I just got another email about people not being authorized to download the forum handbook. :shock: 
I have received several in the last couple days. When i clicked my link from the chemistry hand books thread it appeared to work just fine. Then i realized it was the link i have trailing my signature line that was wrong. Steve, didn't you say you made some changes to the forum address about a week ago. 

Anyway it's fixed now. 

R


----------



## lazersteve (Sep 20, 2007)

Ralph said:


> Steve, didn't you say you made some changes to the forum address about a week ago.



That's all Noxx's department. The problem has to do with the leading 'www' in the address. Noxx may need to register both forms of the address domain with the hoster.
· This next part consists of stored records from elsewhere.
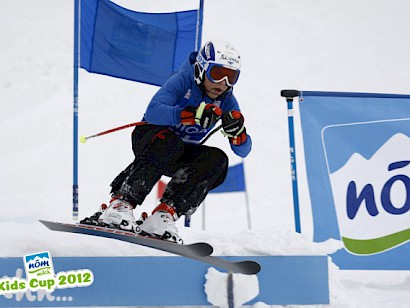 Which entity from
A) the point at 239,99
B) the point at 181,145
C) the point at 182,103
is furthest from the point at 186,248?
the point at 239,99

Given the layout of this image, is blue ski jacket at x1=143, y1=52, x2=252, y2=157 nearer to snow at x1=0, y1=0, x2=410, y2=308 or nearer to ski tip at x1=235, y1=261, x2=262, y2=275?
snow at x1=0, y1=0, x2=410, y2=308

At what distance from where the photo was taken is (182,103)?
13.1 feet

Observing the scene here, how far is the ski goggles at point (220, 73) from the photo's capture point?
381cm

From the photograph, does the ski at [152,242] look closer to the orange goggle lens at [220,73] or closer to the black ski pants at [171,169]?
the black ski pants at [171,169]

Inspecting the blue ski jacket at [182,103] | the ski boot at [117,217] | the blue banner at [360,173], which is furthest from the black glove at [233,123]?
the blue banner at [360,173]

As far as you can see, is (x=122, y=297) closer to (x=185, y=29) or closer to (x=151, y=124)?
(x=151, y=124)

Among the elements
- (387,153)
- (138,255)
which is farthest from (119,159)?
(138,255)

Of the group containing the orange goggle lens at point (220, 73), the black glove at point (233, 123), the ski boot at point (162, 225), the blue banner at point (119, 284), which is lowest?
the blue banner at point (119, 284)

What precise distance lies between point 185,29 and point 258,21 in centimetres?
1273

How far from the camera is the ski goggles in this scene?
3.81 meters

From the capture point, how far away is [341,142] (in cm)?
488

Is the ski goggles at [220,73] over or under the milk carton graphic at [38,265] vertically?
over

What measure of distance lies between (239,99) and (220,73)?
1063 centimetres

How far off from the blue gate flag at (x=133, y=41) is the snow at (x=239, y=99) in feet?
6.53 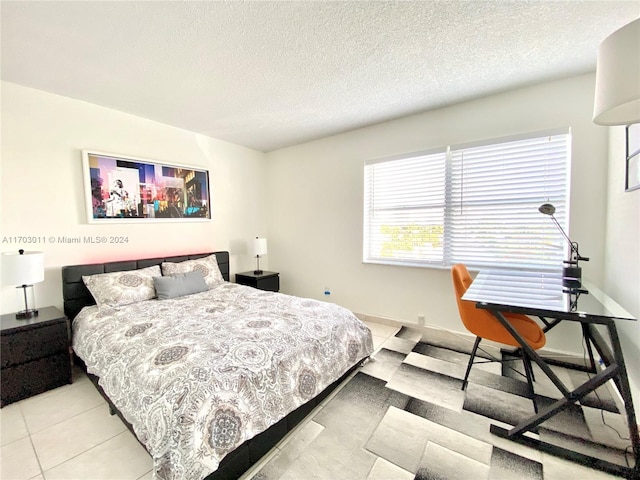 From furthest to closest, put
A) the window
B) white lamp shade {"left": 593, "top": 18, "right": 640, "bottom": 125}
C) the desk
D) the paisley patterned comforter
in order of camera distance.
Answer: the window → the desk → the paisley patterned comforter → white lamp shade {"left": 593, "top": 18, "right": 640, "bottom": 125}

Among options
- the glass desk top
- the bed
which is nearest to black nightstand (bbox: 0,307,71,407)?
the bed

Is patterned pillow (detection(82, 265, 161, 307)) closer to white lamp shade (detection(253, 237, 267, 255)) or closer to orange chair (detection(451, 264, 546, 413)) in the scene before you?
white lamp shade (detection(253, 237, 267, 255))

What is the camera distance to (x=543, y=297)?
170 cm

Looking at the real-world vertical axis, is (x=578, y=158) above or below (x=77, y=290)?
above

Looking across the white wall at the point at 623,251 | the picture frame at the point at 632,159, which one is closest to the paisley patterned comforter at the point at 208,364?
the white wall at the point at 623,251

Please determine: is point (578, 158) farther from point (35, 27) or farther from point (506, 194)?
point (35, 27)

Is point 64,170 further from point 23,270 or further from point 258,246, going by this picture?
point 258,246

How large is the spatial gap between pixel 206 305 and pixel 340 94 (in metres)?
2.42

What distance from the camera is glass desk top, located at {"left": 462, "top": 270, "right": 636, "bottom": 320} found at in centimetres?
142

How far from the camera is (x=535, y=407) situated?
181 centimetres

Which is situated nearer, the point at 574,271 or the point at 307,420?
the point at 307,420

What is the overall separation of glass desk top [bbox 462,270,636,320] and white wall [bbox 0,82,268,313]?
3.42 meters

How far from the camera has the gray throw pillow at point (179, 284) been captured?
109 inches

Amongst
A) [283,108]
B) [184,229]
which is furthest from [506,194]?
[184,229] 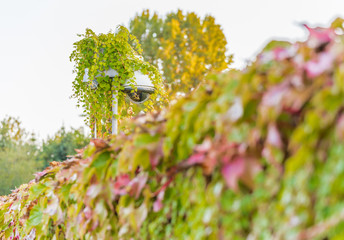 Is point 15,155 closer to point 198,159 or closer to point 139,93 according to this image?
point 139,93

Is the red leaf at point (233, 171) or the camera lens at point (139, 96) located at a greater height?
the camera lens at point (139, 96)

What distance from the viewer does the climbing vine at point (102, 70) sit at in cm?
667

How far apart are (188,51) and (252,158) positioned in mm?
22181

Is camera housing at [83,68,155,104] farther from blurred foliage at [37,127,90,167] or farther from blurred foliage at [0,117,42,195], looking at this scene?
blurred foliage at [37,127,90,167]

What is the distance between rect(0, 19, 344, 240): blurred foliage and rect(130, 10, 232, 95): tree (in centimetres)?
2006

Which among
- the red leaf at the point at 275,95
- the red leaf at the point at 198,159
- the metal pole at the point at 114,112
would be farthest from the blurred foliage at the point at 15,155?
the red leaf at the point at 275,95

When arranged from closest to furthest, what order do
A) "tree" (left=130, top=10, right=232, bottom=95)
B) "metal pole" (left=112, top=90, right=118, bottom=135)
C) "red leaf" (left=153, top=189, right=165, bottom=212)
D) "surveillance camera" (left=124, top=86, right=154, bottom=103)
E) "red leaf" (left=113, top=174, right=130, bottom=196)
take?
1. "red leaf" (left=153, top=189, right=165, bottom=212)
2. "red leaf" (left=113, top=174, right=130, bottom=196)
3. "metal pole" (left=112, top=90, right=118, bottom=135)
4. "surveillance camera" (left=124, top=86, right=154, bottom=103)
5. "tree" (left=130, top=10, right=232, bottom=95)

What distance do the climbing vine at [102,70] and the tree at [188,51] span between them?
14.7 meters

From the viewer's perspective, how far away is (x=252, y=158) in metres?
1.16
It's an odd problem for sure.

Steve


----------



## jerrycranium (Sep 20, 2007)

aflacglobal

just got another email about people not being authorized to download the forum handbook.

Anyway it's fixed now.

http://goldrefiningforum.com/phpBB3/download.php?id=518

My result= Sorry but you are not authorized to view or download this Attachment


----------



## lazersteve (Sep 20, 2007)

Jerry,

The link works fine for me. You may want to try right clicking the link and saving the pdf file to your hard drive.

Steve


----------



## aflacglobal (Sep 20, 2007)

Works good for me now to.

:? :? :?


----------



## aflacglobal (Sep 21, 2007)

New link for download outside of the forum :arrow: :arrow: http://www.filesend.net/download.php?f=02c7da134586a98d81a0cf5697f3943c


----------



## jerrycranium (Sep 21, 2007)

I clicked the link i posted the other day and it worked this time.

Thanks guys.

jerry


----------



## aflacglobal (Sep 21, 2007)

Y.W. 

:wink:


----------